Cyclones are always very mischievous and are known for changing timelines, track and intensity. True to their reputation, cyclone Tauktae is proving to be one. At one point in time yesterday, it appeared as if it may skirt and skip the Gujarat coast. Thereafter the track showed a right bias and the assessment for the Severe Cyclonic Storm was to cross the Gujarat coast between Porbandar and Naliya.
The cyclone would have made rare but double landfall. After making landfall near Porbandar, the storm would have entered the Gulf of Kutch to reemerge for making a second strike close to Gandhidham. All that is history now as the latest model observations suggest landfall Mahuva and Porbandar and to be more precise, close to Diu. A swathe of 100km on either side of the anticipated strike always remains vulnerable.

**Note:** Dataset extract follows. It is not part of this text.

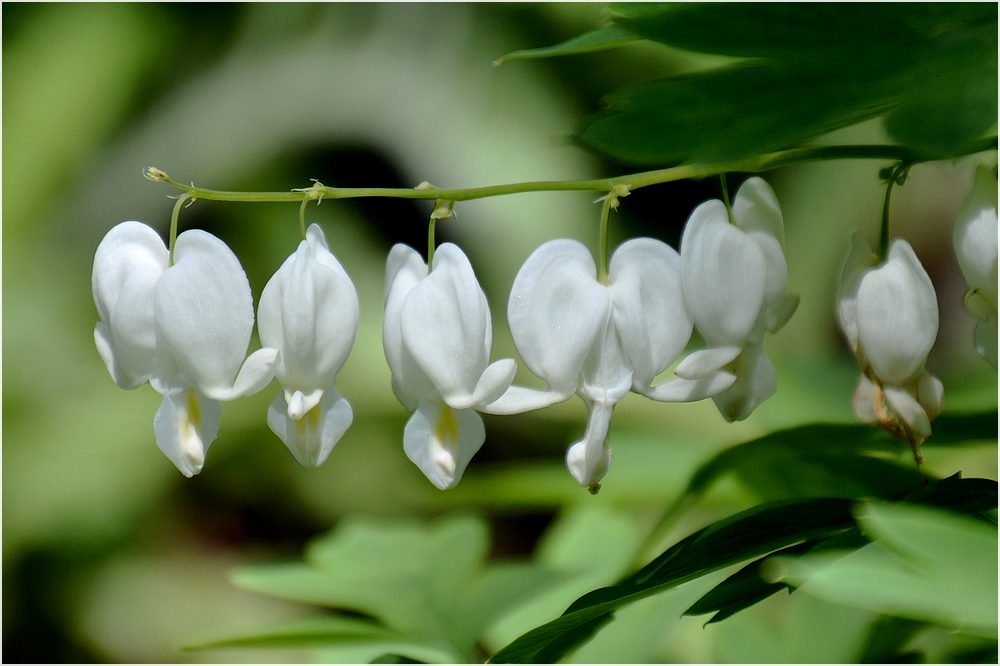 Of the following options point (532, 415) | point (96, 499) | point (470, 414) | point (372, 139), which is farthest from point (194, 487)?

Tauktae has intensified to a Very Severe Cyclonic Storm located Northwest of Goa which received very heavy rainfall of over 100mm yesterday with high-velocity winds gusting to 100kmh. The cyclone will keep on intensifying further, adding wind speed to the order of 160kmh. It has the potential to even strengthen further to an Extremely Severe Cyclonic Storm, albeit remaining on the borderline. The winds could exceed 170 kmh and gusting to 190kmh before reaching the coastline of Saurashtra on 18th May early morning. With this, the storm has cut short its sea travel and will prepone its landfall by nearly 6 hours or even more. The huge storm may lose a bit of steam before making landfall but remain a significant cyclone. Tauktae will spend more than 12 hours as a storm traveling across Saurashtra before weakening to a depression.